Quando surgiu, ainda virgem, nos quiosques, num clima completamente diferente, muito mais propício a quem queria fazer jornalismo (mas jornalismo mesmo), o jornal propôs-se a mudar o panorama da imprensa em Portugal. Os fundadores sabiam que bastava acreditar ser possível criar um produto para lá do institucionalismo dominante.
A minha relação com o defunto T&Q remonta aos primeiros anos de vida do jornal: Assim que aprendi a ler, aprendi a lê-lo todas as sextas-feiras. O meu pai comprou-o desde o primeiro número. "Faltaram-me um ou dois", comentou. "É obra", respondi-lhe. Quem não lhe seguiu os primeiros anos não vai perceber o que significou o logótipo em tons laranja, que também foi programa de televisão.
A publicação de 'cachas' que abalaram a moral de um país cinzento, de velhas de bigode, costumes pacatos e promiscuidade disfarçada não é 'cousa' que se apague da memória colectiva.
Recordo-me sempre da história da D. Branca e ontem voltei a passar em revista as páginas desse número histórico.Na última década, o Tal & Qual tornou-se uma sombra de si mesmo. Perdeu entusiasmo, ao mesmo tempo que deixou fugir a garra que lhe deu lugar certo nas manhãs das sextas. Desinvestiu-se no jornalismo pensado, trabalhado.
O semanário fez-se folhetim, relator da notícia rápida de secretária. Com uma redacção presa ao imediato, a irreverência do desprendimento foi rapidamente substituída pela imediato da transcrição.
Um jornal fechado em si mesmo é um produto igual a tantos outros. O jornalista refém da redacção, sem a autonomia da pergunta, a exigência do confronto, é um gestor de conteúdos, obrigado a dactilografar 28 páginas do que quer que seja.
Jornais que abrem e jornais que fecham são a consequência natural de um mercado pequeno, armado em gente grande. Num país que não lê, no meio de um 'povão' que não quer, simplesmente, saber, ser-se medíocre é fácil. O problema é ser medíocre, convencido de que se é bom.
Nos últimos anos vi fechar a Capital, o Comércio do Porto, o Independente e agora o Tal & Qual.
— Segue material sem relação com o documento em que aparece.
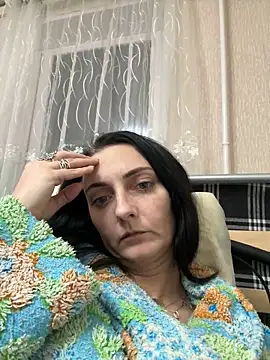 Miroslava1247 online show from February 11, 2025, 6:44 pm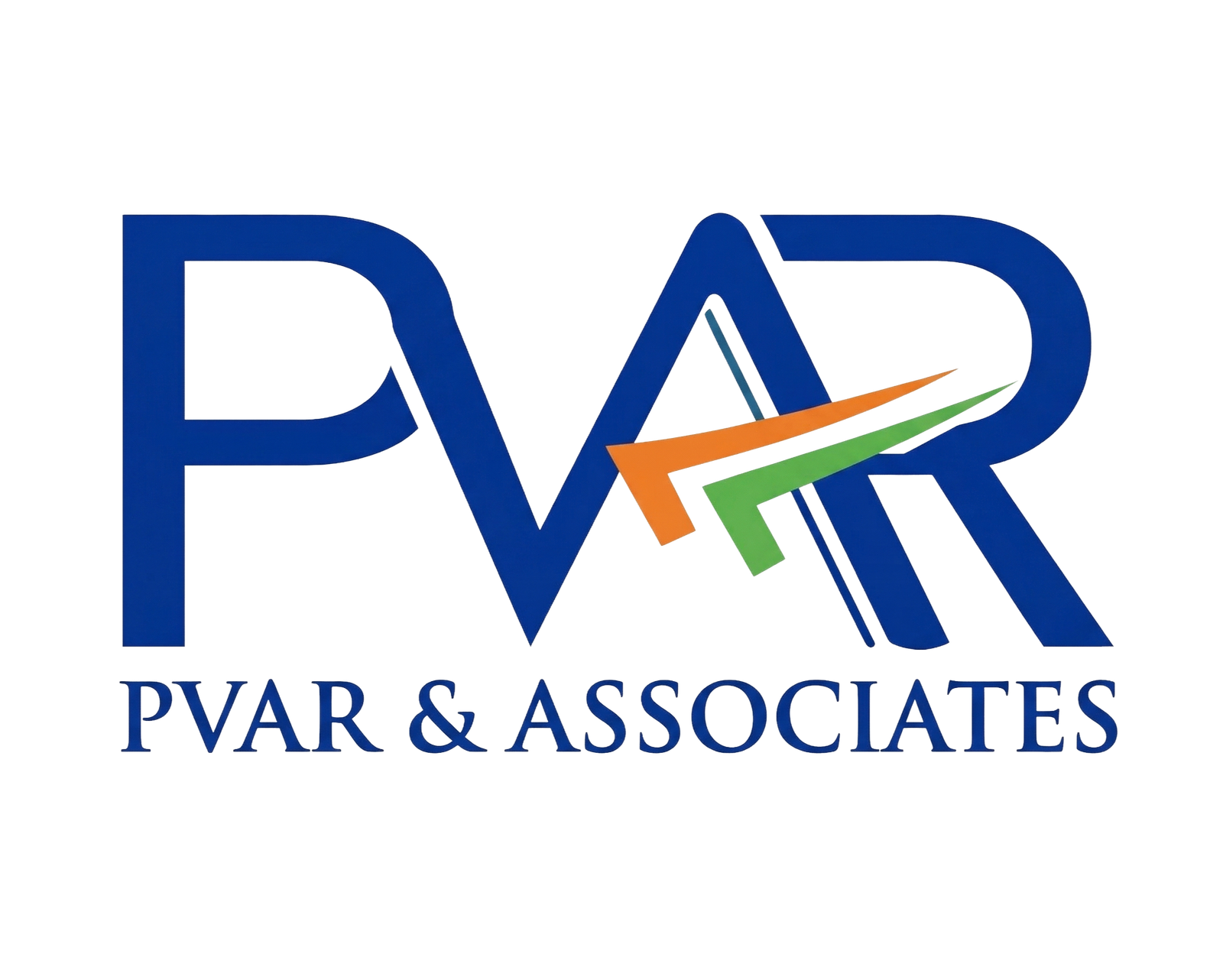 PVAR Logo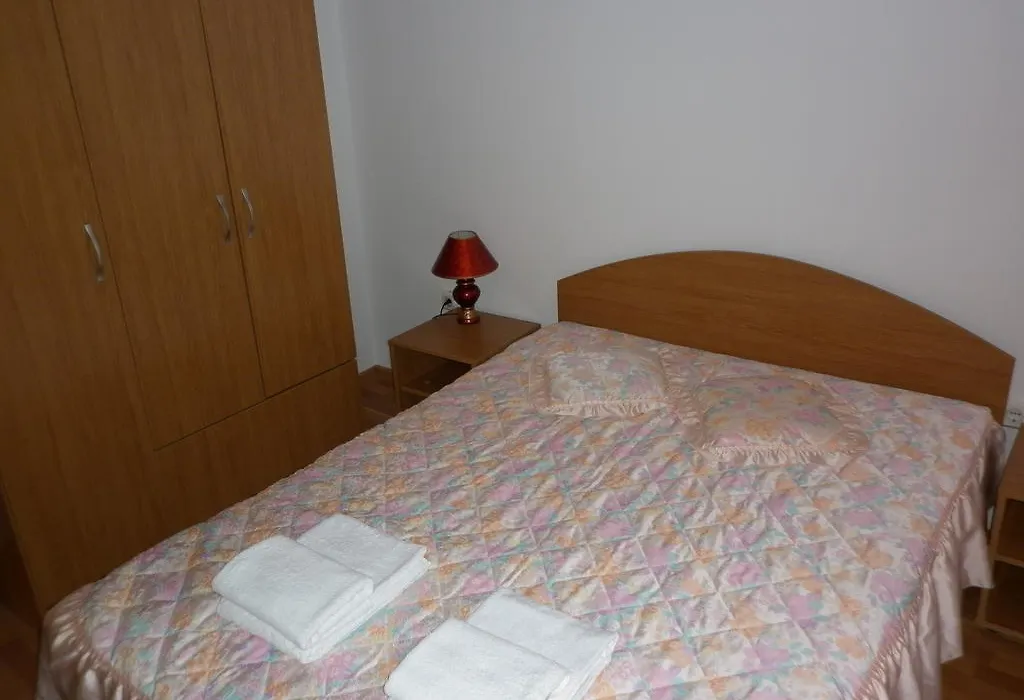 Ivanova Cheshma Guest House-1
Todos eles desapareceram por um motivo: Não tinham leitores e sem leitores não há vendas, sem vendas não há publicidade, sem publicidade não há receita, sem receita não há jornal. Em comum, o facto de terem sido grandes à sua escala e deixarem a grandeza escapar.
O Miguel Esteves Cardoso disse certo dia que um jornal não tem que durar para sempre. Acrescento que é preferível desaparecer no momento em que deixa de fazer sentido. Reinventar um jornal só porque sim é condena-lo a um lento definhar, a uma morte dolorosa.
Como jornalista, acredito hoje um pouco menos na profissão. Tenho pena, essencialmente, pelos oito colegas que aguentavam 9000 exemplares vendidos. Eles, agora, como eu, um dia, vão passar recibos verdes para outro lado.